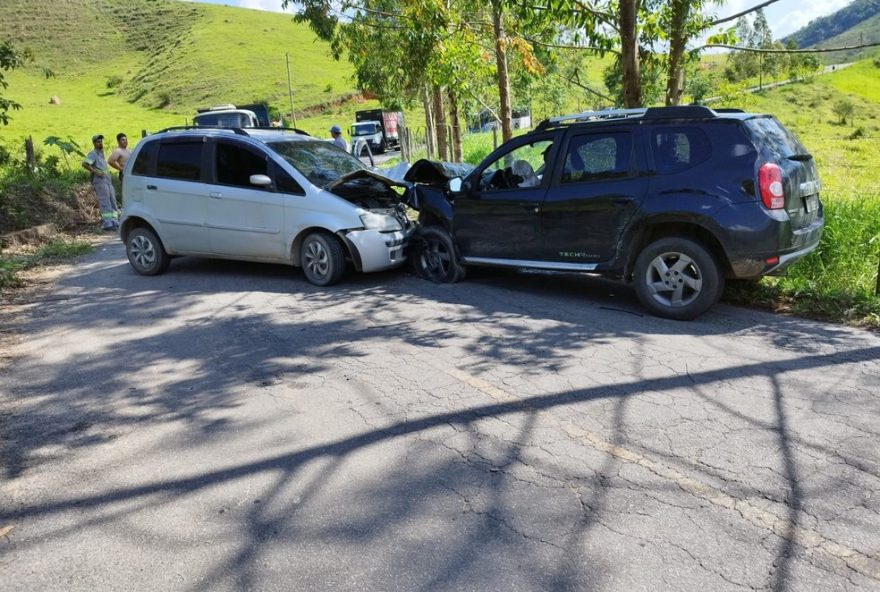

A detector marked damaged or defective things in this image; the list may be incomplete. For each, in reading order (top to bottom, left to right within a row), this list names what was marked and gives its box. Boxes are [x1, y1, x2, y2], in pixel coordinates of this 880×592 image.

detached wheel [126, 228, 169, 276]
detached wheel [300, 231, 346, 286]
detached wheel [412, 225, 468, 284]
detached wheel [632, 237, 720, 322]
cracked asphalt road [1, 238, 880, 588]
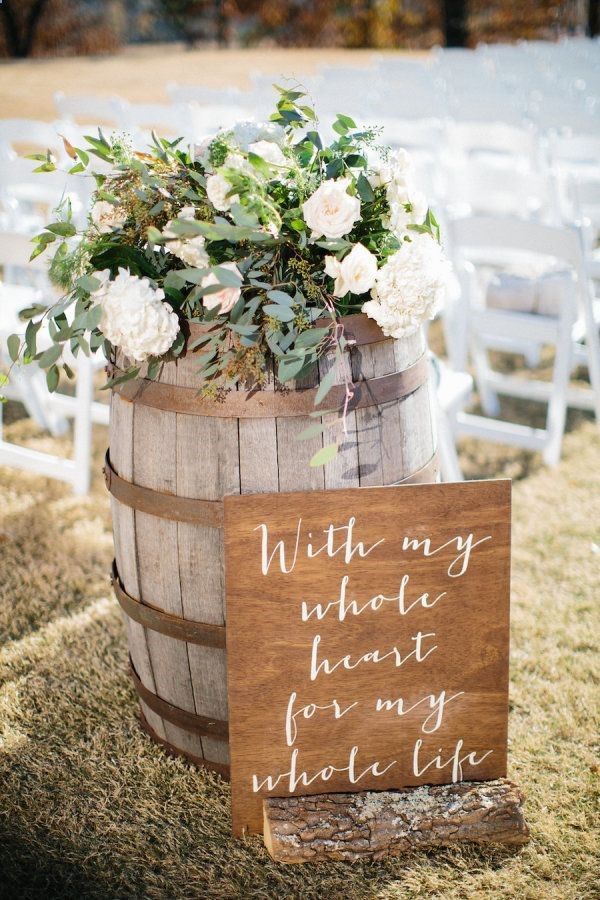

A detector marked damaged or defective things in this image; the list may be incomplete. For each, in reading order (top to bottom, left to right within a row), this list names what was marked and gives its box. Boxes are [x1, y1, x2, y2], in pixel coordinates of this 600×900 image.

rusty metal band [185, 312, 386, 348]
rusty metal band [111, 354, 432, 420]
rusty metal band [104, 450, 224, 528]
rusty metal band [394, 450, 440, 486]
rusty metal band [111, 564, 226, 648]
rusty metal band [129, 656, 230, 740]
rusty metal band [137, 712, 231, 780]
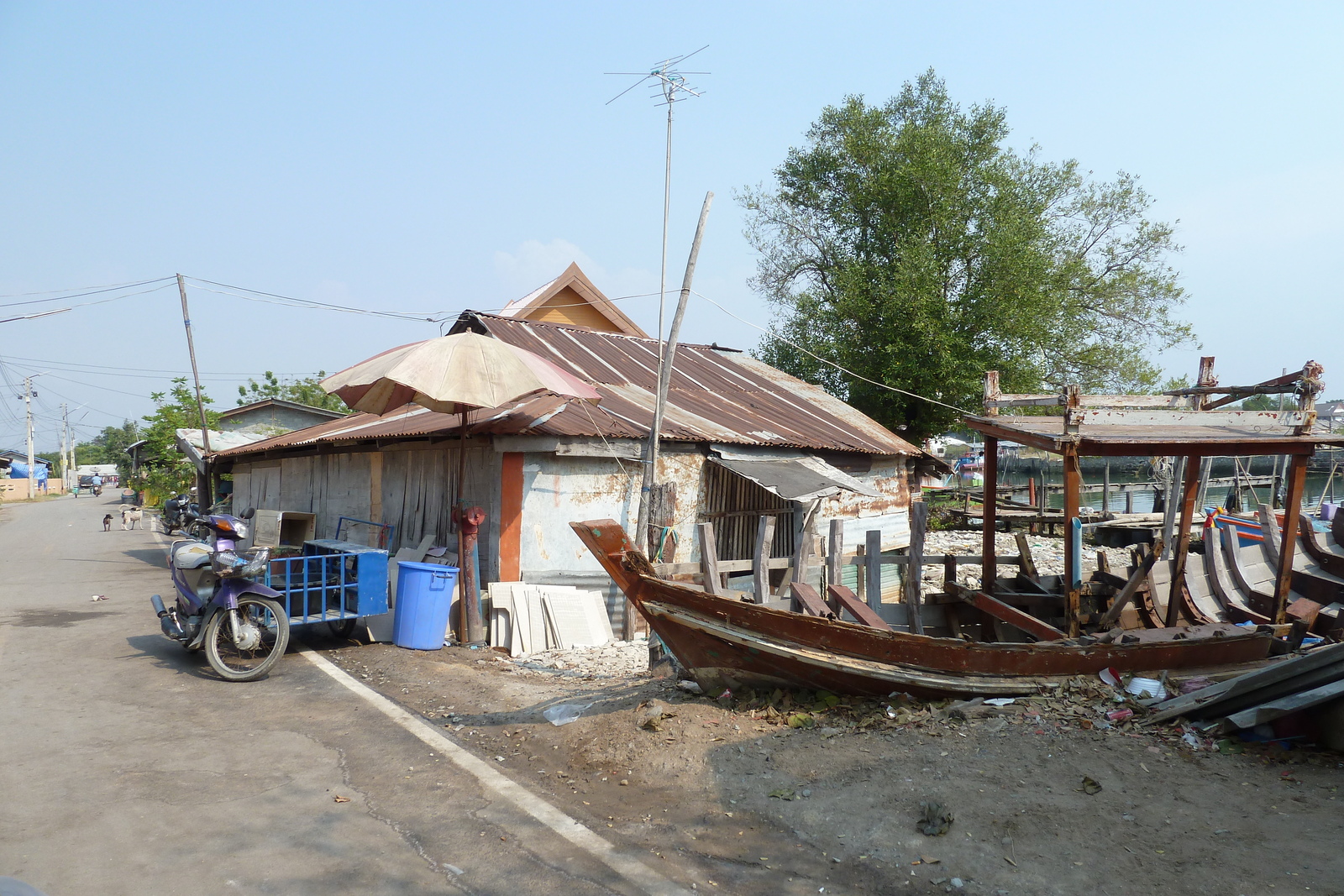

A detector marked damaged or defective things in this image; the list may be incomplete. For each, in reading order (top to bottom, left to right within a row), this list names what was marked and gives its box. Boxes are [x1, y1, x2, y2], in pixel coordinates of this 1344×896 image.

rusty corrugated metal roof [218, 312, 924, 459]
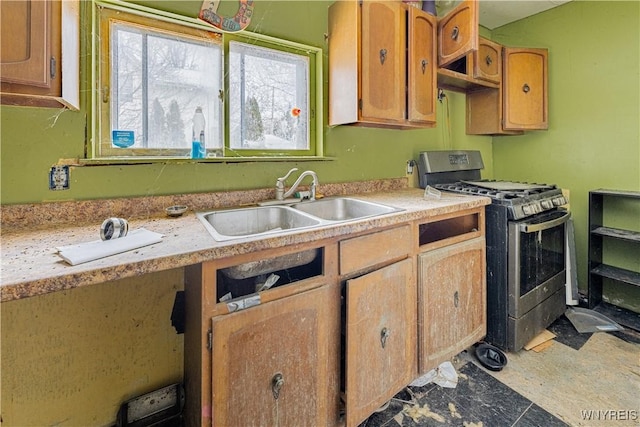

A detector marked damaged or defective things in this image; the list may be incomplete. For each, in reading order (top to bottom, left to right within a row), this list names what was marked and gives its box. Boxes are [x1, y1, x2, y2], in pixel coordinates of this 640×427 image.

* * *

Task
Go to the line containing "this 1344×896 image.", then write out word for word every line from there to the end of the listing. Keep both end lines and drop the pictures.

Answer space
A detector marked damaged or defective things in this image; the list may be incomplete. For each, in reading order (top to bottom, left to right within a row), this list names what was marked and gives its box. Boxes are [x1, y1, x2, y2], in pixel coordinates of this 1344×896 image.

rusty corrugated metal roof [218, 312, 924, 459]

A detector marked damaged or defective things in this image; the list may be incomplete. For each, in reading order (top to bottom, left to right within a row), this list names what was marked and gives its box. Boxes are [x1, y1, x2, y2], in pixel coordinates of this 640×427 image.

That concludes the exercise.